My advice to the two of them would be to find a lawyer steeped in military administrative law.  Unless charges under MCM are preferred, a criminal defense attorney will not be an effective defense.  I'd describe it as akin to doing CQB with AT-4's ("just because you can do something doesn't mean you should").  Right now, Jenio and Puckett are being attacked, not with litigation, but with a punitive evaluation.  Even if the relief is determined to be unjustified, the best they can hope for is retirement at current grade and having the report expunged.  If successful, it will be one of the best multi-thousand dollar expenses (each) they'll have expended.

All i can say is...tough sledding ahead for both.


----------



## Diamondback 2/2 (Feb 2, 2010)

Looon said:


> That's the thing. We aren't talking about two individuals that didn't do the necessary crap to "slide by". We are talking about two individuals that have rules by the rules and with honor their entire careers.
> 
> What if it is as simple as someone messing with the slide show just before go time?
> 
> ...


 
I am not saying that he is not a good CSM or a great soldiers-soldier. What I am saying is that CSM’s and BC do not get relieved for simple bullshit. If it was for simple bullshit then they were wronged and it should be corrected. Personally I think it is counter productive to the unit as a whole to do a command swap mid tour (unless lives are being lost as a result of the command). 

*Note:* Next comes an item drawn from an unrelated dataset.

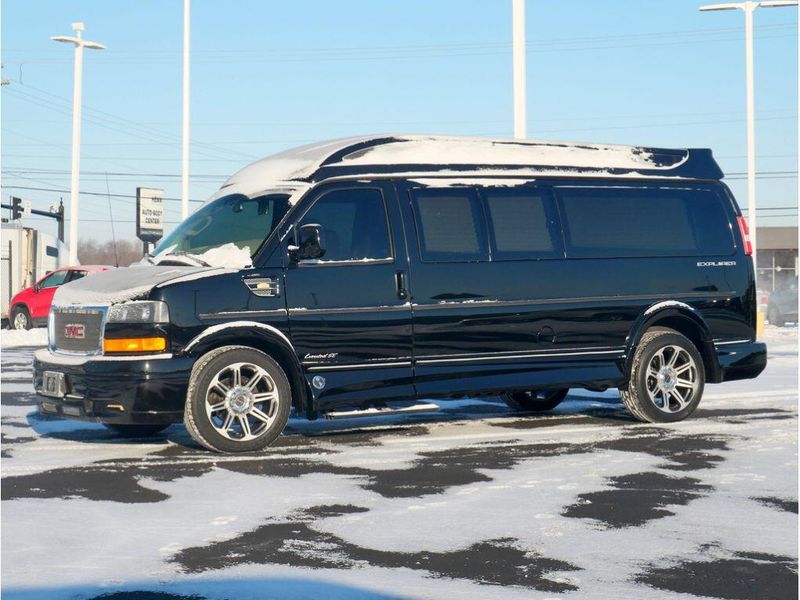 2018 GMC Savana 2500 Image 7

What we know is nothing of what actually happened and all we know is that these two men were relieved and are going to fight it. We don’t really know why they were relieved, but what I do know is that it doesn’t happened unless they fucked up big in some form or fashion. A fucked up power point is not a big enough reason to relieve a BC/CSM. 

Now a soldier complaining of racism in the unit, a command clement survey showing high levels of racism in the unit and then the BC/CSM giving a power point with racial shit in it, would be and that stuff is not in line with the Army’s values!


----------



## Marauder06 (Feb 2, 2010)

I knew LTC Jenio slightly when he was at his last unit.  Like everyone else I knew in the unit, I had a very high opinion of him.

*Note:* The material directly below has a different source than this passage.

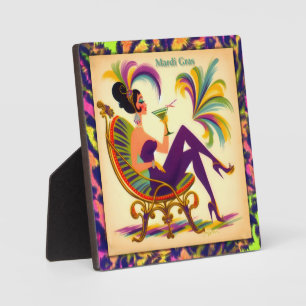 Plaque Photo Mardi Gras Femme Au Milieu Du Siècle Avec Martini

Before the Army Times article, I thought that the removal of the Bn Commander and CSM was somehow related to the captain from the same unit that died two days before.  The articles even ran one below the other in the local paper.

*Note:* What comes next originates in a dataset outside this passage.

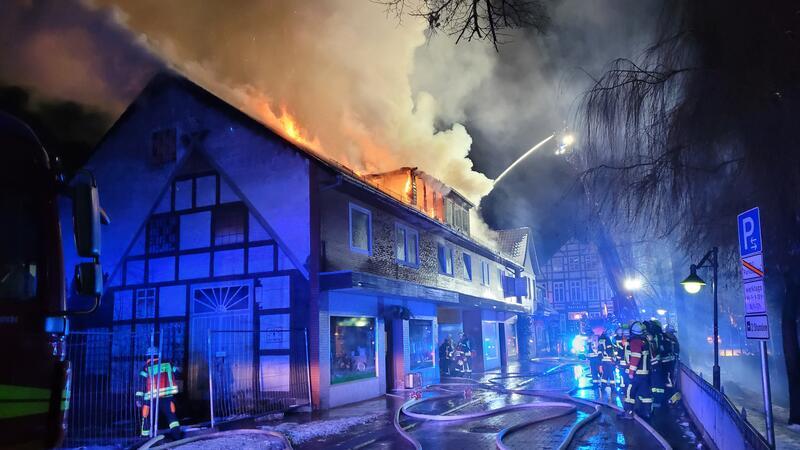 Wohnhaus in der Rotenburger Altstadt steht in Flammen – Bewohner flüchtet aufs Dach Das Dachgeschoss eines Mehrfamilienhauses in der Rotenburger Altstadt steht am frühen Donnerstagmorgen in Flammen.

It is my sincere hope that there is more to the story than an offensive PowerPoint slide.  LTC Jenio had been GEN McChyrstal's XO at JSOC, I'm sure the CG considered the potential fallout before he pulled the trigger.

At the same time, this is a good example of why I don't allow those kinds of "demotivator" slides into my briefings.  For one thing, they're unprofessional, they take up time we could be using to do something productive, AND, they are, almost by definition, offensive.  Not worth it.  Anyone who inserted a slide I didn't approve into a briefing I had to give outside of my immediate unit, would probably find themselves out of my immediate unit.


----------



## Manolito (Feb 2, 2010)

I don't want to know what happened but as a  manager in DOD not a single presentation would be made that wasn't on a memory stick and in the posession of the presenter right up to the presentation. I made it a point to run every presentation through EEOC because what was said earlier is true. What was acceptable when I started 35 years ago would ruin a career today. There was a time when you were allowed to make a mistake and move on, today people want your career for any infraction. I for one will believe in the two men that were relieved until proven otherwise. I lost one of my managers that put a bikini clad picture in his presentation to keep the attention of the audiance. Try as I could I wasn't able to stop the machine that demoted him. I am so glad to be retired.
Bill


----------



## Teufel (Feb 2, 2010)

I don't have very much information about this but some of the signs I see may point to some good soldiers getting canned because of political correctness and hyper sensitivity.


----------



## Teufel (Feb 3, 2010)

Again, I don't know the particulars of this case but I would like to present a parallel situation.   At the end of the day, commanders are responsible for everything that happens or does not happen in their command. In 1988 Lcpl Rother died in 29 Palms during a training exercise. He was a road guide/road guard and was posted without a buddy.  His platoon commander doesn't keep good accountability of his Marines, packs up his platoon and doesn't realize he has left LCpl Rother behind until he is turning weapons into the armory two days later and comes up minus one.  LCpl Rother ends up dying alone in the desert.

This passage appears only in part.